Again, training these low-level things will probably require quite a bit of experimentation. You might end up with scripts and some rand() doing the trick just as good (or better) from the players point of view. Training higher level parameters, such as what kind of units to favor or how agressive to play might be easier.

I hope this at least gave you an idea of how it can be done. I am convinced there are far better ways of doing it :)

"I hope this at least gave you an idea of how it can be done. I am convinced there are far better ways of doing it." Hopefully there is ;). I understand that I have to somehow remember decisions and evaluate their relative outcomes, but how to do it extensibly with little complication is an issue.

For me, it's not what I want the system to train, it's how do I enable scripters to decide the training. Maybe the learning can be based upon the hierarchy which means it'll learn on different levels which simplifies the process, but the interface/implementation is still a mystery to me. Remembering decisions is the easy part, evaluating them as you said gets tricky, and modifying the evaluations seem even harder.

I guess you helped me specify my queries much better:
How exactly do I evaluate situations using the type of system described above, what does an evaluation look like, and how do I go about modifying them?

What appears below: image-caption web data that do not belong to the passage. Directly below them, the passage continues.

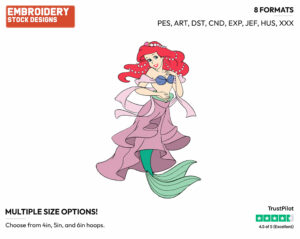 Ariel - Disney's The Little Mermaid - Embroidery Design in 3 sizes & 8 formats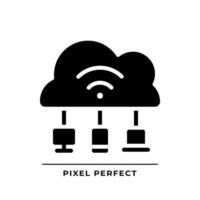 Cloud based IoT black glyph icon. Internet of things features. Massive network with devices and apps. Silhouette symbol on white space. Solid pictogram. Vector isolated illustration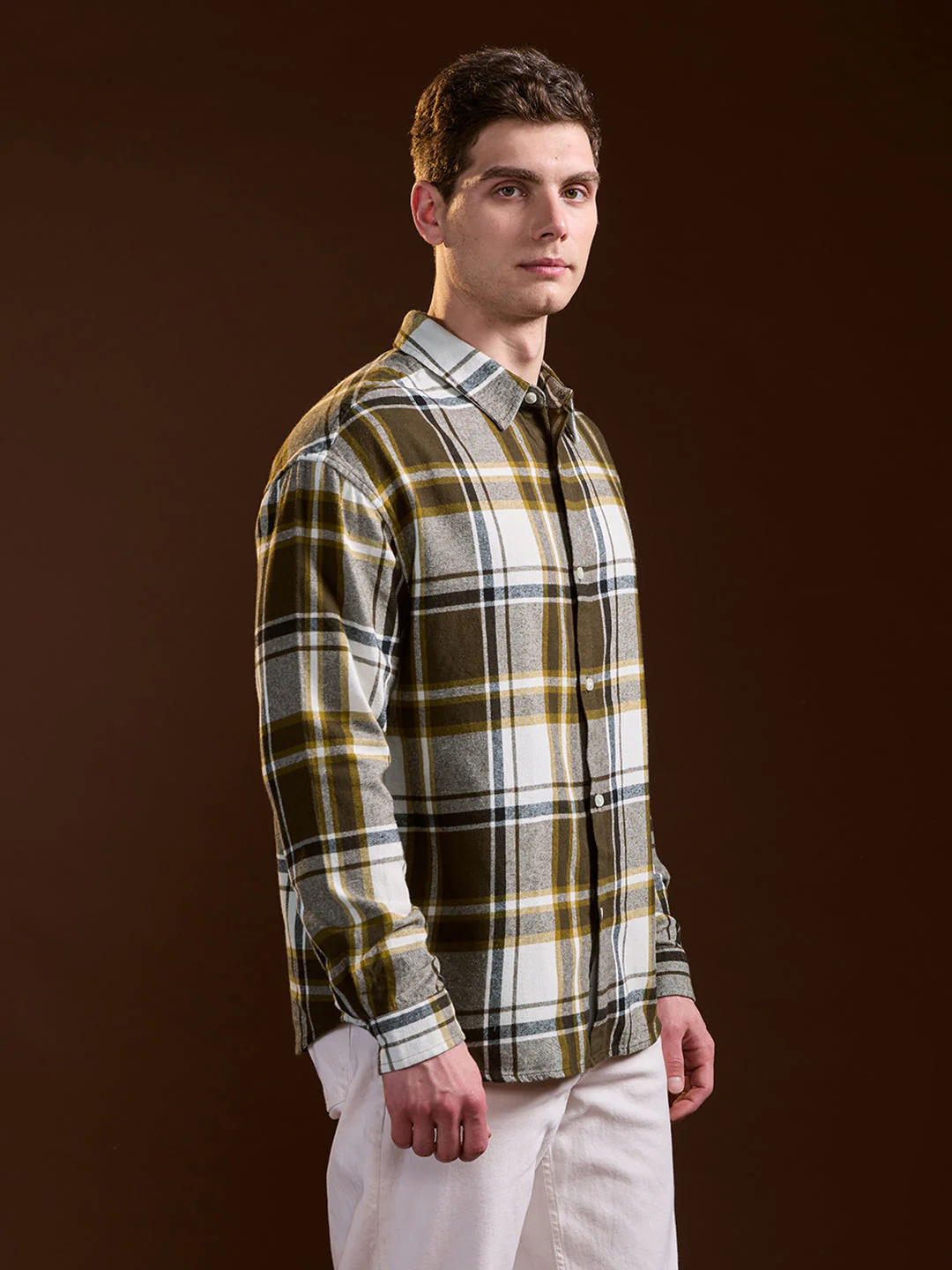 Men Multi-Color Flannel Checked Relax Fit Overshirt - Image 3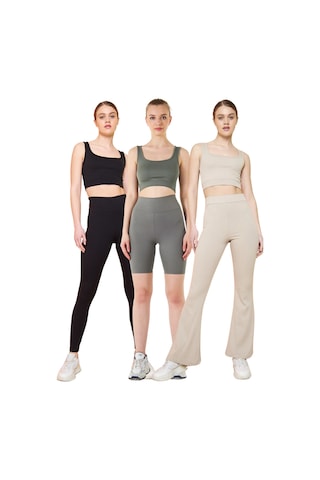 Fitilli Kare Yaka Esnek Örme Crop Büstiyer 3'lü Atlet Set Siyah - Haki - Bej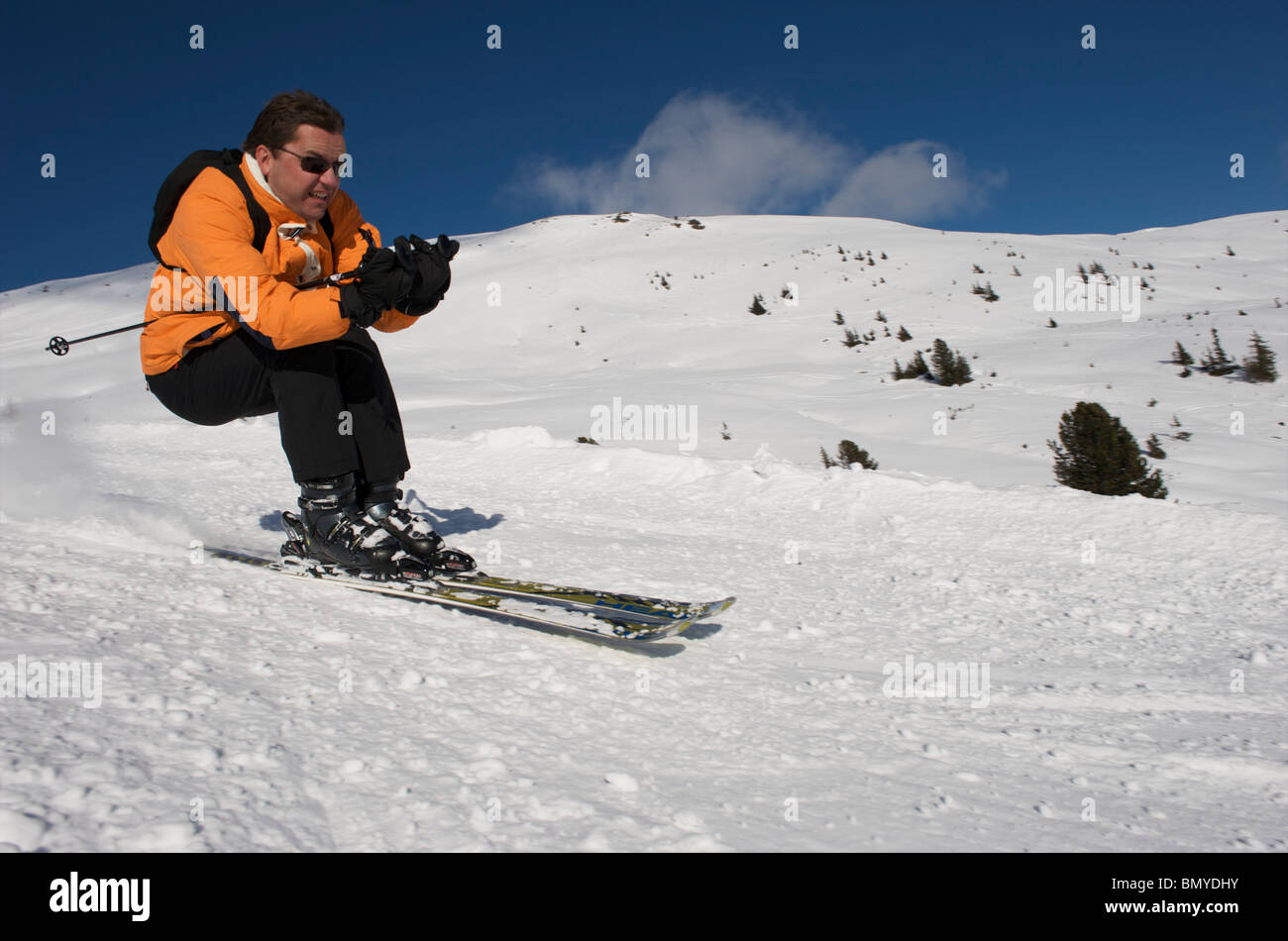 Konigsleiten, skier picking up speed Stock Photo
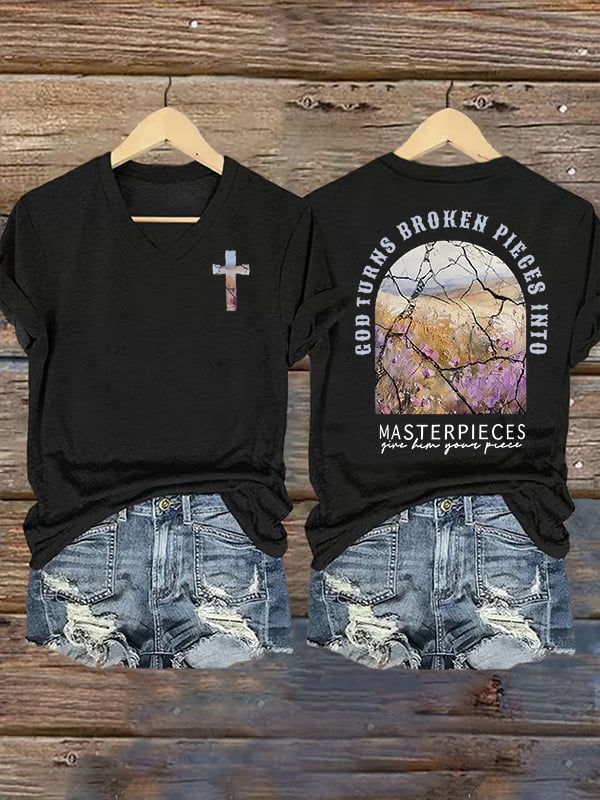 Women's  God Turns Broken Pieces Into Masterpieces Christian Tops Comfort Colors T-Shirt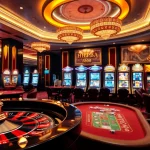 HZ88 casino scene showcasing vibrant slot machines, poker tables, and an exciting roulette wheel.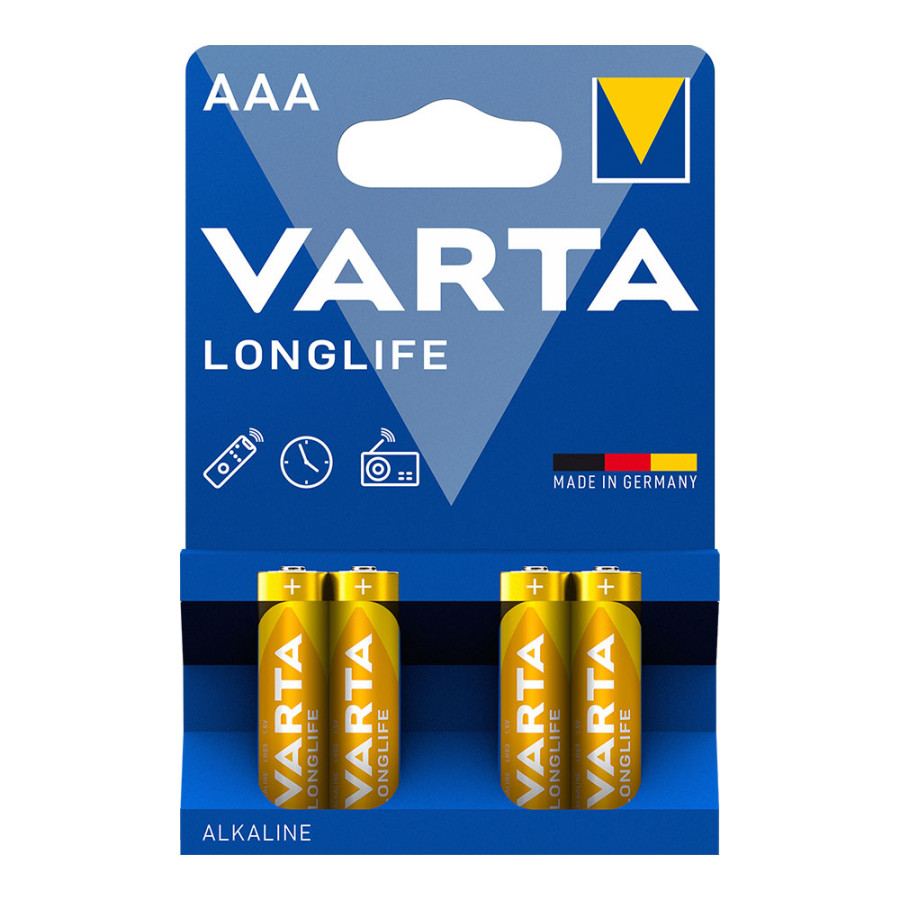 Pilha alcalina varta aaa - lr03 longlife (blíster 4 unid.) ø10,5x44,5mm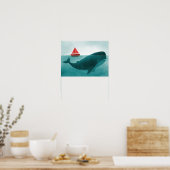 Wal & Segelboot – Minimale Ozeankunst Poster (Küche)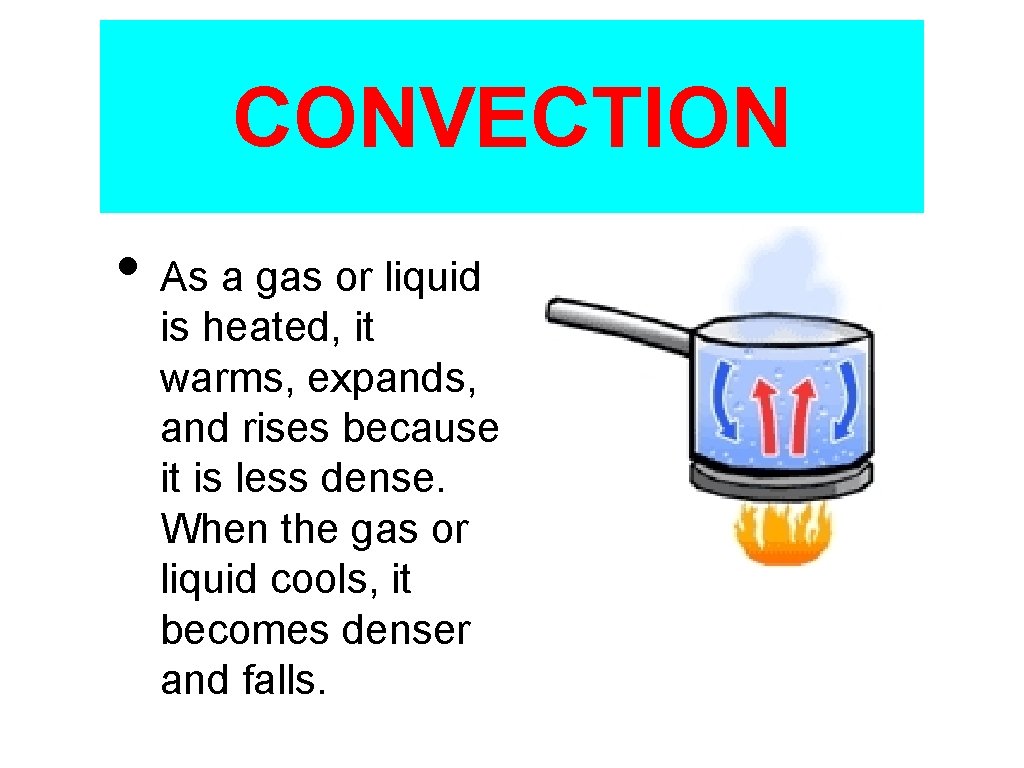 CONVECTION • As a gas or liquid is heated, it warms, expands, and rises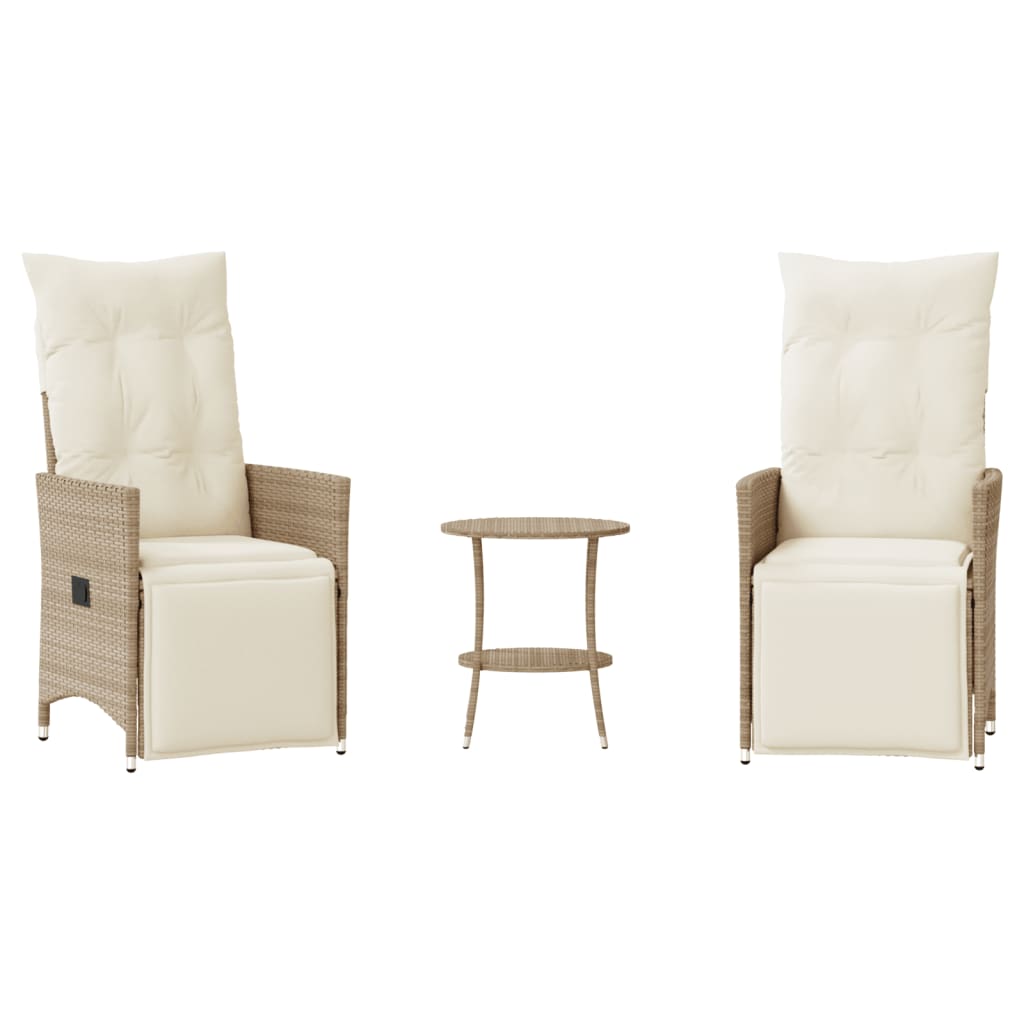 Set da Bistrò 3 pz con Cuscini Beige in Polyrattan 365676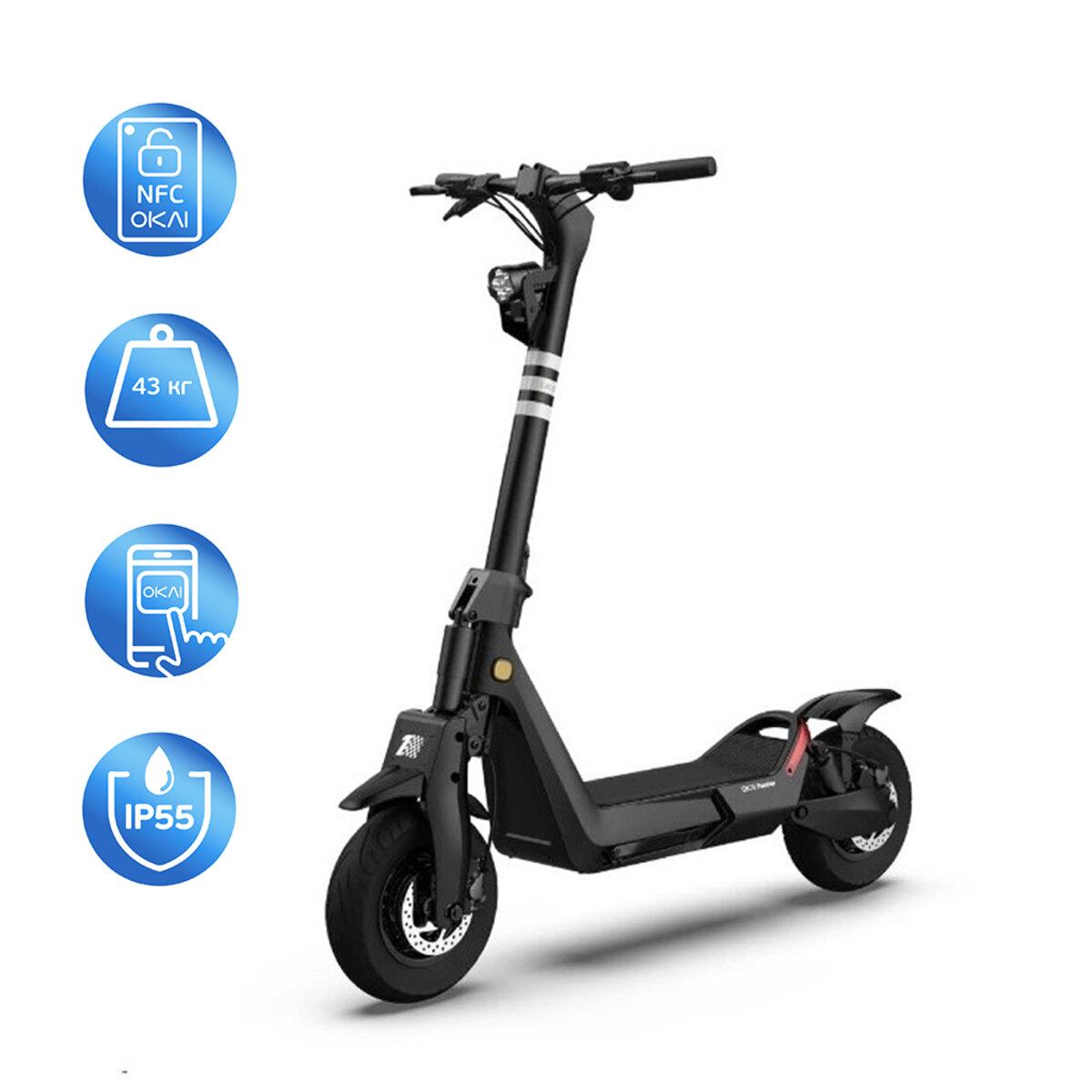 Електросамокат OKAI ES800 Panther Off-Road Black 12", 1500(3000)W, Dual Motor, 19,2Ah, 50km, 60km\h, 35%, NFC, App, 43kg (ES800-B), фото 1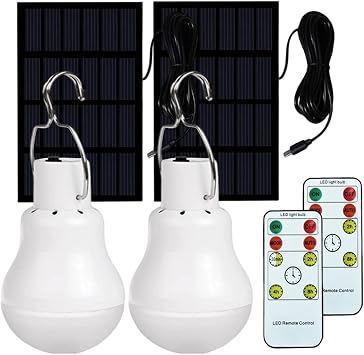 Camping Lights, Electric Lanterns, Solar Bulb Lights 2Pcs Solar Festoon Lights with Panel Remote Control USB Rechargeable Light Bulbs with Hook for Emergency, Tent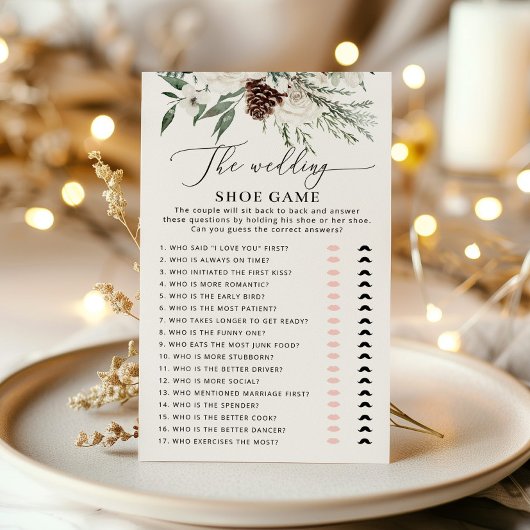 冬のエバーグリーン結婚の靴のブライダルゲーム
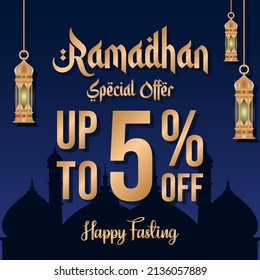 Ramadan sale poster promotion, Special offer up to 5% off with lanterns and landscape mosque. Islamic background. Flat illustration. Vector Illustration.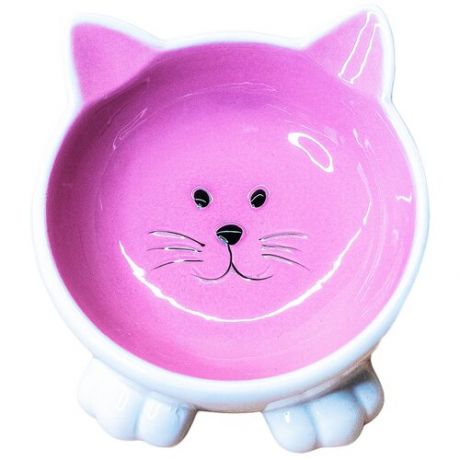 Миска КерамикАрт HD6396-5/HD6396-7 Мордочка кошки на ножках для кошек 100 мл розовая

Your examples of how to evaluate just don't fit into the whole RTS model.

Okay, how does this sound. When the AI makes a decision, the system triggers observers that keep track of state. The ending state is stored if positive or if negative or both? A negative state can act as a filter against the generated decision tree while a positive state can act as a vote for a specific decision route. I'm not sure if this makes sense or if I'm on to something. If I'm on to something, is there a clear definition of what exactly this is which can be used to expand on it?

What you mention there (if I understand you correctly) is what is called reinforcement learning. You provide your agent with a "delayed reward" in a final state and use that to reward all the actions that lead to that state. The problem is deciding how to change each of the actions, ie which action that is most "responsible" for achieving that reward.

An algorithm called Q-learning can help you here. In short it will discount the reward to an action the further away from the reward state that action is made. Then you can use the discounted reward to bias the node in your decision tree where that decision was made. As mentioned in the last post, you can to this biasing by changing the relevant membership functions at that node.

I think that's generally my AI design right there. AI is so incredibly hard to define though ;). The details are killer for an RTS. It's quite overwhelming, but I think I've planned for a perfect mixture of power and ease of use.